= Exercise goal =
Starting with the line that contains "Perodua Kenari Kembara" and ending with the last line of the listing, print each line exactly. Pictures stay out.

= Data supplied =
+ + +

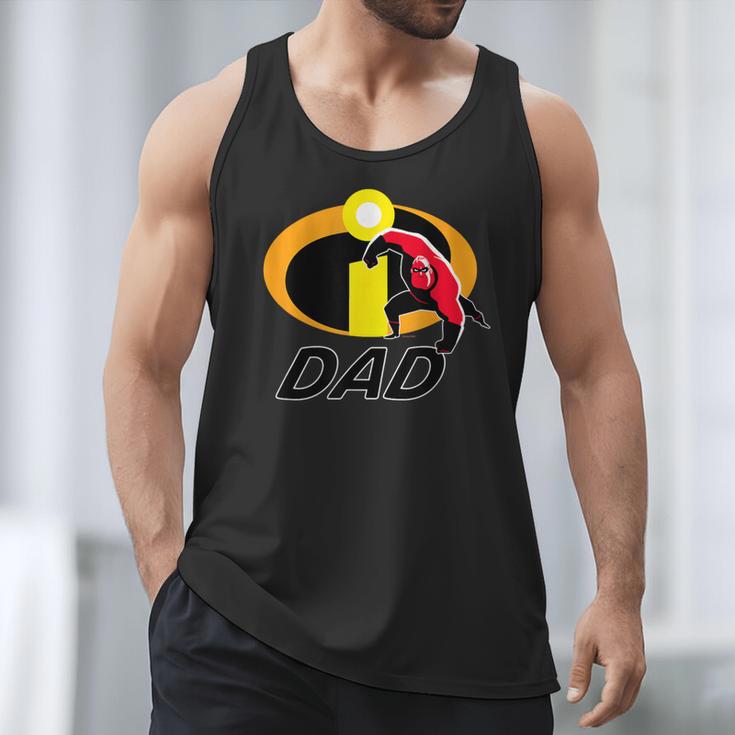 Disney And Pixar's The Incredibles Mr Incredible Dad Family Men Tank Top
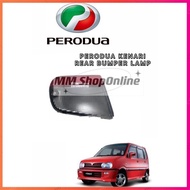 Perodua Kenari Kembara Rear Bumper Reflector Lamp Light Lampu Belakang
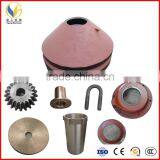 All Kinds of Crusher Spare Parts for Jaw Crusher, Cone Crusher, Hammer Crusher thumbnail-4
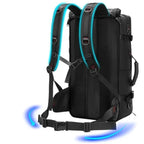 mochila de viagem 75L confortavel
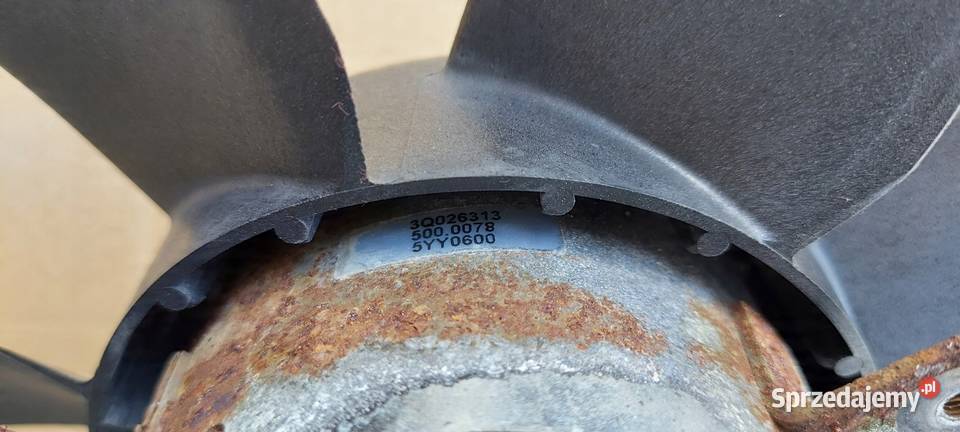 WENTYLATOR CHŁODNICY FORD FIESTA MK7 B 16TDCI osobowe Międzychód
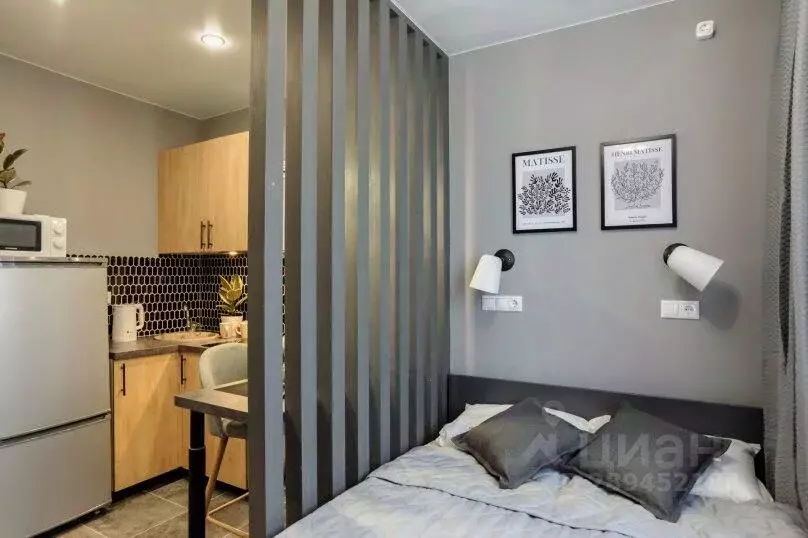 1-к кв. Московская область, Одинцово ул. Сколковская, 9Б (19.0 м) - Фото 2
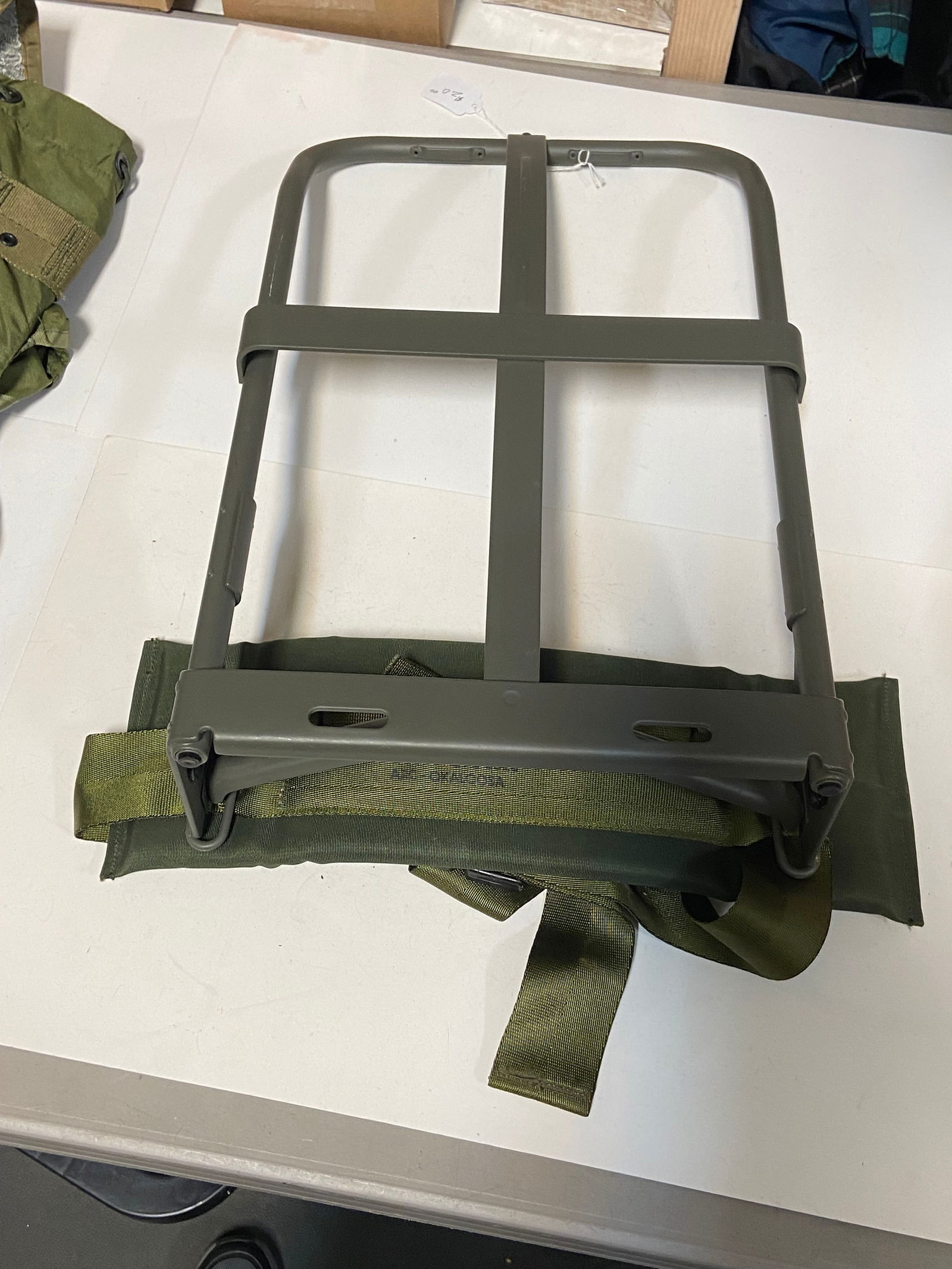 1976 Vietnam War Nylon Field Pack LC-1 with a US Pack Frame LC-2 - 6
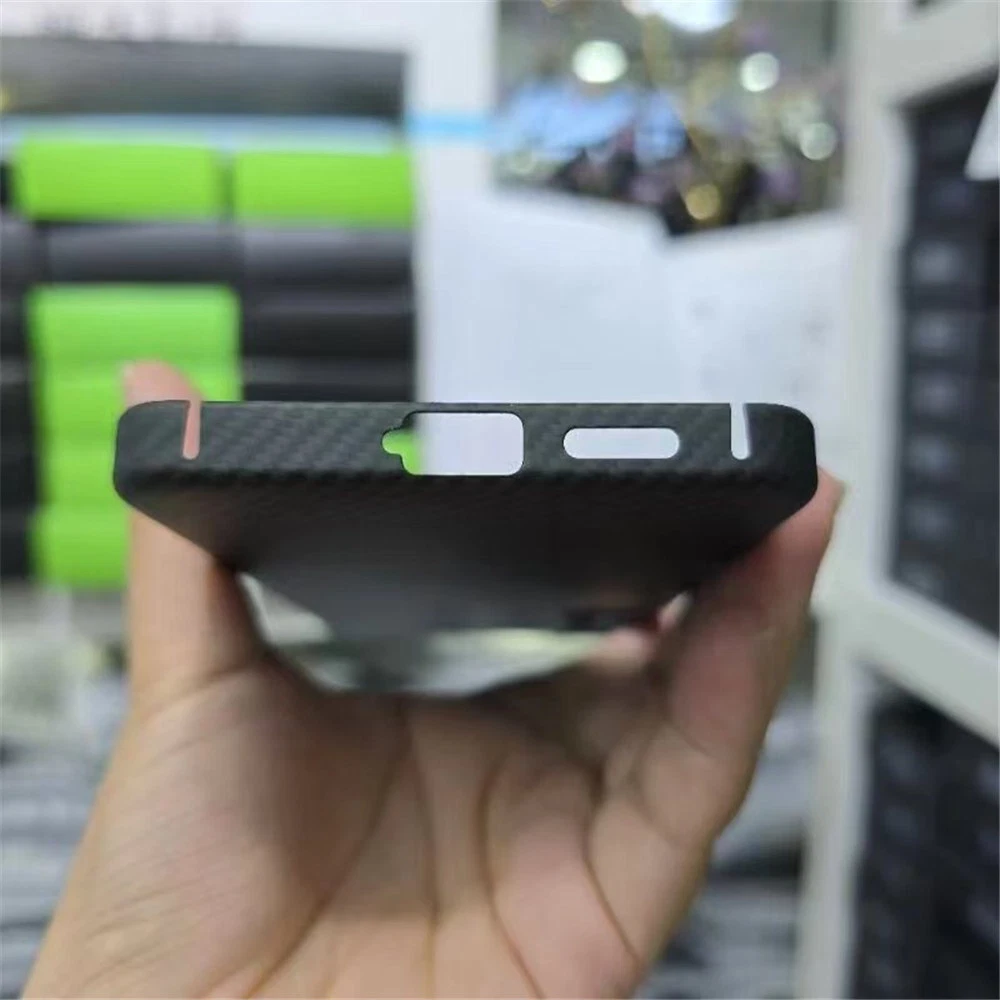 Magnetic Aramid Carbon Fiber Case For Samsung Galaxy S24 Ultra S24+ Matte Cover - Picture 8 of 9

+ + +

= Completed task =
 Perodua Kenari Kembara Rear Bumper Reflector Lamp Light Lampu Belakang
 All Kinds of Crusher Spare Parts for Jaw Crusher, Cone Crusher, Hammer Crusher thumbnail-4
 mochila de viagem 75L confortavel
 WENTYLATOR CHŁODNICY FORD FIESTA MK7 B 16TDCI osobowe Międzychód
 1-к кв. Московская область, Одинцово ул. Сколковская, 9Б (19.0 м) - Фото 2
 1976 Vietnam War Nylon Field Pack LC-1 with a US Pack Frame LC-2 - 6
 Magnetic Aramid Carbon Fiber Case For Samsung Galaxy S24 Ultra S24+ Matte Cover - Picture 8 of 9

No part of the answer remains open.